Add sugar, when you can activate beta amalayse to break down native long chained starches into simpler, tastier and more fermentable maltose? (Along with small amounts of acetic acid)
And don’t you realize unless you add maltose or fructose, to create a directly fermentable sugar you must invert the molecule in the presence of a weak acid?
Diluting and measuring may work. Another option is measuring density, in g/cm3 (or so), and looking up in tables; for that however you still need to turn the slurry into something liquid.
I’d suggest extraction of known amount of slurry to known amount of water, then operating with a clear solution. Extraction of the sample is a common approach in analytical chemistry.
Okay, I am going to use some jargon and ideas that may be unfamiliar to most. But bear with me.
To accurately measure fermentation, time units are frustrating and bordering on pointless. Fermentation is done when sugar has been converted to co2, alcohol, and Esther’s in a pleasing ratio.

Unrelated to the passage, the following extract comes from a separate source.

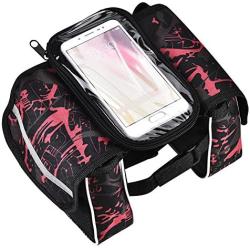 Vbestlife Bike Front Tube Bag Frame Bag Waterproof Touch Screen Mobile Phone Bag Cell Phone Holder Pouch Outdoor Cycling Bicycle Accessories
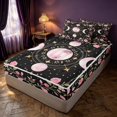 thumbnail image 3 of Homewish Bohemian Moon Phase Zipper Twin Comforter Sets with Fitted Sheet and 2 Pillowcases, Pink Flower Blossom Zipper Bedding Set, Pink Reversible, 3 of 7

So how do accurately measure when your ‘rise’ and ‘proof’ are done? (This is the genius bit)
Ferment in a vessel inside of another vessel filled with water at a specific temp. Imagine a giant double boiler.
Have a tight fitting lid on the interior vessel, like a pressure cooker. But have a say 0.5 psi outlet valve on the top.
Put a balloon on the outlet valve.
By measuring the volume of the balloon you can accurately gauge where in the fermentation process you are, and avoid problems with weak yeast, over active yeast, inconsistencies with flour, etc.
There are setups with optical gate, using measurement of frequency of bubbles in the airlock. That could be pretty handy. If you measure both this and the volume of the gas, you can calibrate the bubble volume and then just count the bubbles.
To a degree. You may also consider using brazing, if your parts are made of thinner material. Silver or brass brazes will do a good job. For food consumption or work in enclosed spaces, avoid cadmium-bearing ones.
May I observe that we may have significantly overlapping backgrounds?
But when it comes to gas measurement systems, or really measurements of any kind, I prefer as passive as possible. Counting bubbles in an airlock is cool, but it requires either a human or electronic device (which I don’t need to tell you come with their own challenges).
A balloon is a passive device, and even upon failure (popping or blowing off) give you data about the system (you over proofed your dough).
On the other hand, a sensor board can stream the data to you from your basement or the remote mass-production-booze forest-site right to you, and you have graphs to devise operation’s progress from. Easier to got the derivation; the balloon is simple but only an integrator (but good as a backup). And you can even add a classical bang-bang heater controller (optionally augmented with a fan if the yeasts decided to overheat) to keep the thing at the right temperature. And a webcam, and a pair of LEDs to shine trough or from the front to watch the liquid’s behavior, and to watch the surface foam.